## WHAT IS BEING ASKED
Starting at the line that contains "Oficina ID.63 - Bajó" and stopping at the line that contains "smoking cigarettes with", transcribe every line of the material below exactly; pictures stay out.

## STORED DATA
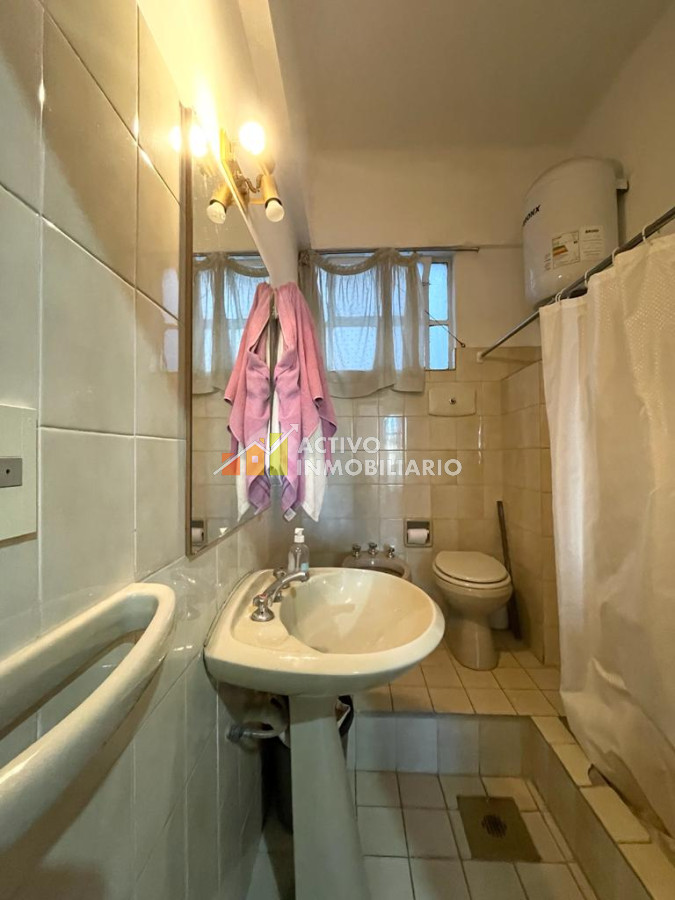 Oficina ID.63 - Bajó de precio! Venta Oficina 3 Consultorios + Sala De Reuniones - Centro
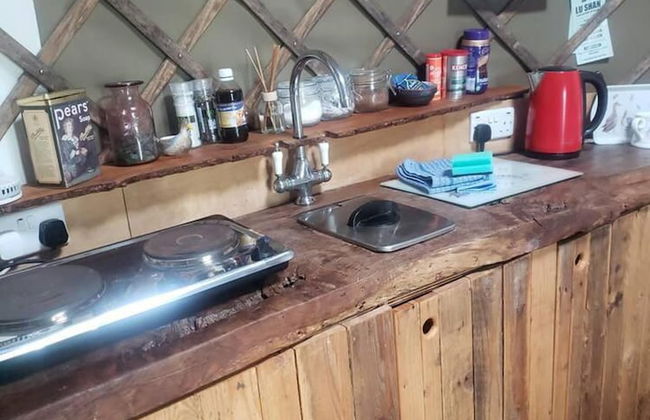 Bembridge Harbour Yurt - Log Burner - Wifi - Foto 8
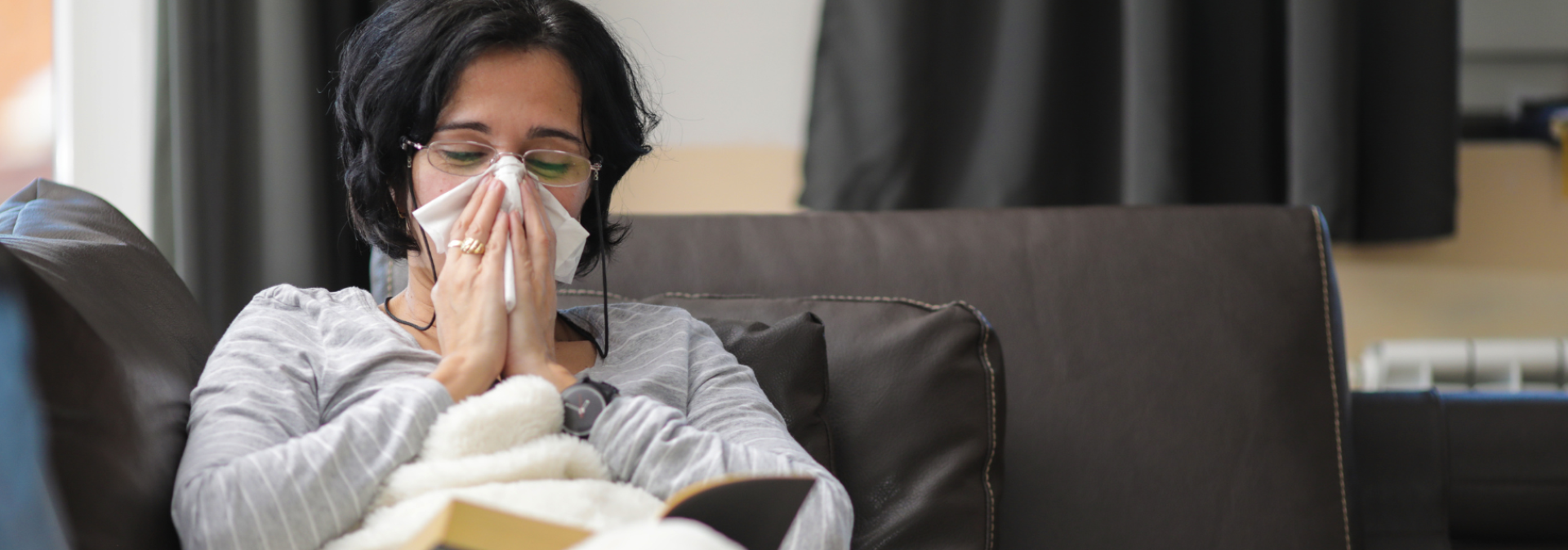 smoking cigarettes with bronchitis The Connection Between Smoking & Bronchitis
* * *
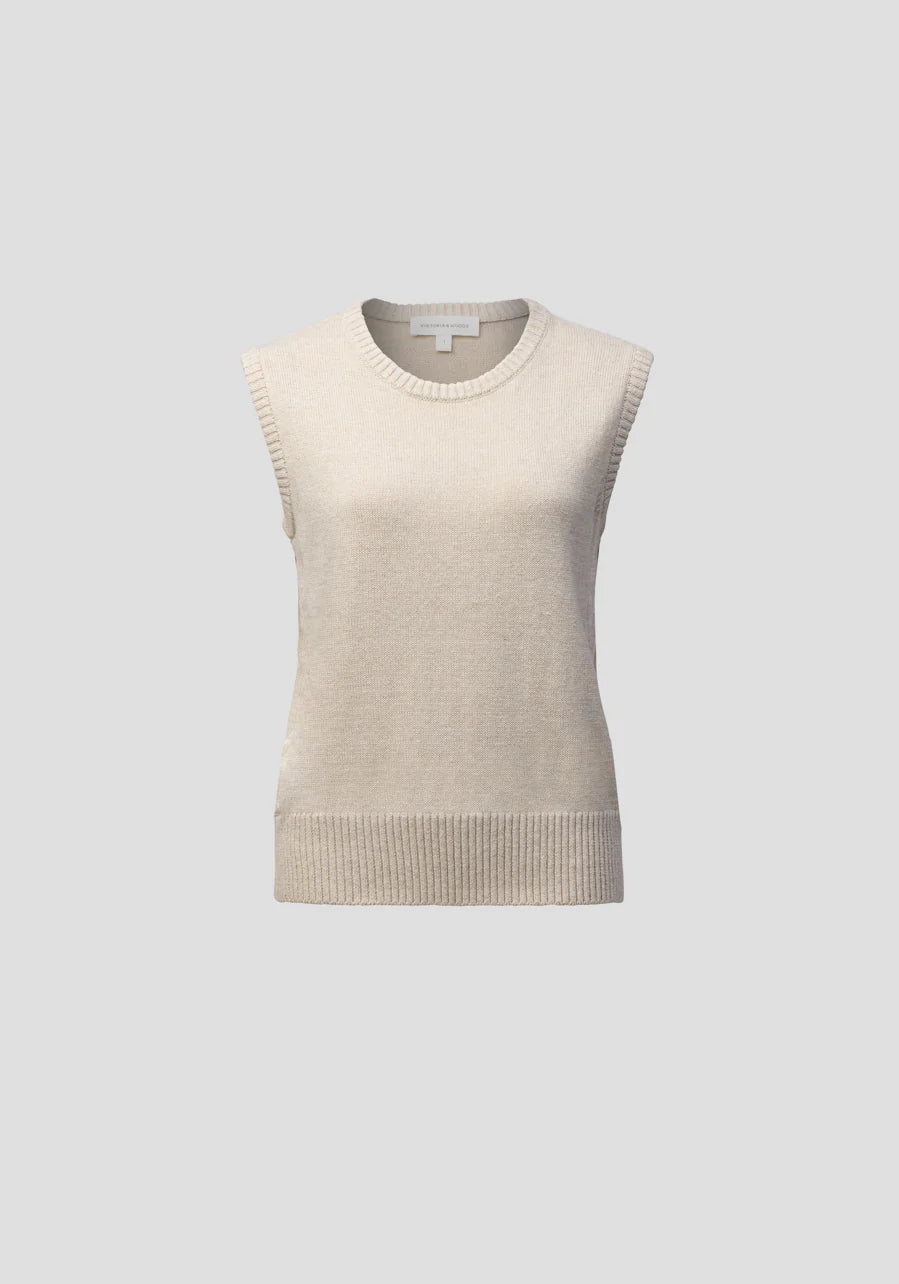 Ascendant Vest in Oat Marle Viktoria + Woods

## SOLUTION
 Oficina ID.63 - Bajó de precio! Venta Oficina 3 Consultorios + Sala De Reuniones - Centro
 Bembridge Harbour Yurt - Log Burner - Wifi - Foto 8
 smoking cigarettes with bronchitis The Connection Between Smoking & Bronchitis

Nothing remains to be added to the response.